Output exactly the line that includes "Noviti Rózsaszín Áttört" and all the lines after it through the end of the listing below, and nothing more.

- Opening Delimiter -

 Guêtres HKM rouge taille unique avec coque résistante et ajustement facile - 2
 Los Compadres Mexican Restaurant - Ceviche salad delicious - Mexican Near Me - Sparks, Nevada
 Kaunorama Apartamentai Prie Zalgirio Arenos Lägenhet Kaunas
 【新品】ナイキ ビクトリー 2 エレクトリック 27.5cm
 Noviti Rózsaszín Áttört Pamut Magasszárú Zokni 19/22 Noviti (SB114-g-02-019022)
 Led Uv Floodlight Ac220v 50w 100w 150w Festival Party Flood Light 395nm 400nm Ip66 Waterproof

- Closing Delimiter -

Response area -
 Noviti Rózsaszín Áttört Pamut Magasszárú Zokni 19/22 Noviti (SB114-g-02-019022)
 Led Uv Floodlight Ac220v 50w 100w 150w Festival Party Flood Light 395nm 400nm Ip66 Waterproof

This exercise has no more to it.